2022 Expat guide to Shanghai
Being a foreigner living in a country where you have difficulties in culture, language, food, entertainment and general living can be challenging. As a child of diplomatic and military family constantly uprooted living in different countries and cities, and as an adult traversing the world in my chosen business over the past 35 years has given me lots of experience in how to deal with this.
First, remember it’s generally about the unique adventure of doing something less than 1% of your friends would ever agree to. If you remember that it’s an adventure (even after 2 decades in my case), then it makes life interesting and little things fulfilling.
With that said, I provide an intentionally short, direct to the point guide for newbie Shanghai expats:
The Shanghai Expat Essentials
❗️The most critical 1st step.
This is the #1 most critical thing for any expat (and for ALL Chinese too). If you have not setup your WeChat, on ALL your devices, phone and computer primarily, and added you local bank account to enable WeChat pay, do it now. WeChat will handle the majority of your translation and likely 95% of all your payments. (the other 5% of payments with AliPay). Before reading anything else, install and setup.

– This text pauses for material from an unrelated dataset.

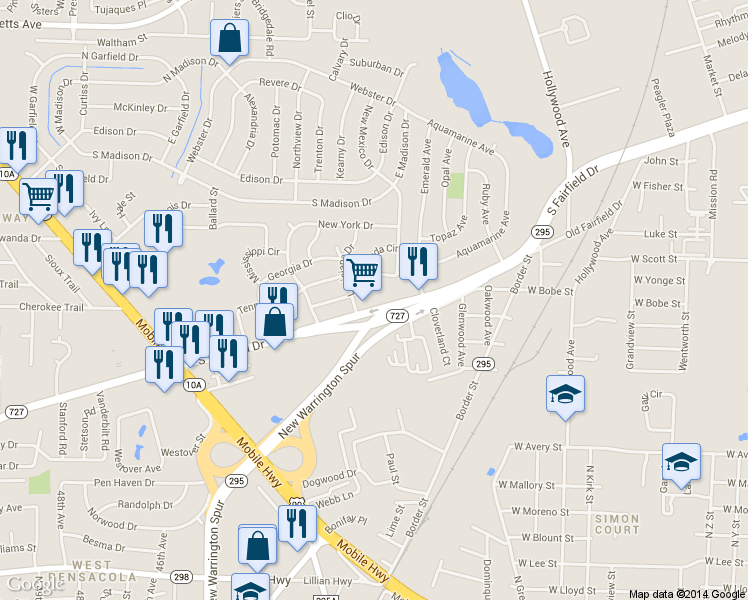map of restaurants, bars, coffee shops, grocery stores, and more near 4020 West Fairfield Drive in Pensacola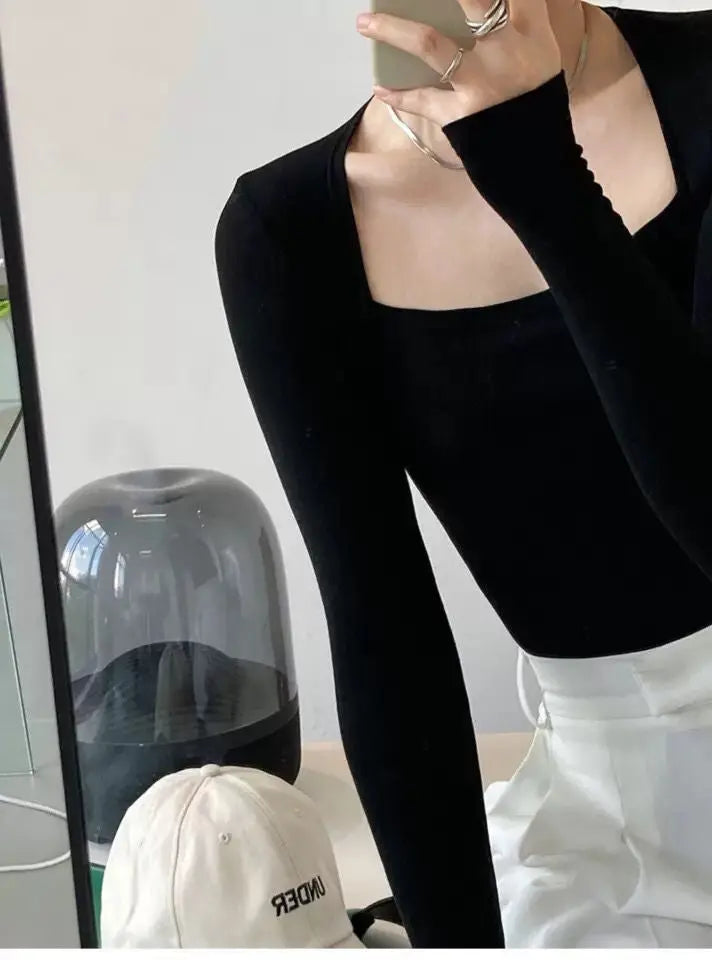 Long Sleeve Tops Women Candy Color Fake Two Piece Skinny T-shirts Female - Blade & Thread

❓Deal with the language and interpretation.
It’s easier than you think… Baidu Translation becomes your must have favorite website, followed closely by their Baidu Translation App on iOS devices. You will quickly become and expert at copy & paste functions.
🌐 Forget the VPN’s
They are not only mostly all illegal, but most fraught with connectivity challenges based on a myriad of things, including a complex combination of your specific building classification (foreigner residential, Chinese residential, mixed-use commercial residential etc..), PLUS the location and age of the local “node”, PLUS the district you are in, PLUS the online service provider, PLUS who signed up for the account with which passport or Chinese ID, PLUS your phone number, PLUS the city and of course PLUS being within the Great FireWall of China. Instead, consider newer technologies such as ShadowSocks.
🛒 Shop for your favorite things, in English….
Epermarket or Kate & Kimi or Breakfast Champion or TimesGrocery on WeChat (or web) for groceries, or on your computer, use Google Chrome or Safari browsers on MacOS Big Sur to shop for anything and everything using automatically translated pages on TaoBao.com, JD.com by learning how to effectively search (using brand name, model number, or a translated keyword of the product you are looking for).
🍔 Home Food Delivery Meals
Stay lazy at home and order delivery in English from foreign-style, or Chinese, restaurants easily using Sherpas or JinShiSong JSS via web & app or McDonald’s (web only). If you want a million other restaurants to choose from, master your basic Chinese, and order by photo from ele.me (app)
🚖 Getting around, forget hailing a taxi.
Until you build up the courage to use a bus or subway train, there is an 85% chance you will not be able to hail a taxi on a street in Puxi within an hour, so consider the cheaper than a taxi, DiDi — fully in English, to make it super easy, where you have a huge variety of options or car types, prices and drop off instructions, all in English, including a simulates translation system with your driver. It’s like UBER, but on steroids.
👥 Meet other expats:
Join various social clubs such as BritsAbroad🇬🇧 (particularly if you are female and looking for closed social circle of women) or ACshanghai🇺🇸 (very affordable), or if you are a business entity consider any of the many Chambers of Commerce such as BritCham🇬🇧, AusCham🇦🇺, AmCham🇺🇸 or if you are under 28 years old, CanCham🇨🇦 … or volunteer with foreign led (legal) charities such as Heart to Heart… or visit any of the thousands of Shanghai bars — including a very large LGBT scene🏳️🌈.
📃 The Directories and Guides to Restaurants, Bars & Events
There are many guides, many outdated, some good. I suggest starting with Smart Shanghai or Time Out Shanghai — both very useful for copy and paste of addresses into WeChat or Didi to meet new friends.
👍🏻 When all else fails…
Once you have ShadowSocks installed and working on your computer and iPhone, Facebook is the big daddy of many Shanghai expat groups — and while there are way too many “Karens” spouting uneducated and stupid advice, by sifting through the morass, you can find some member only groups that can be a tad more sensible and offer smidgens of practical specific advice.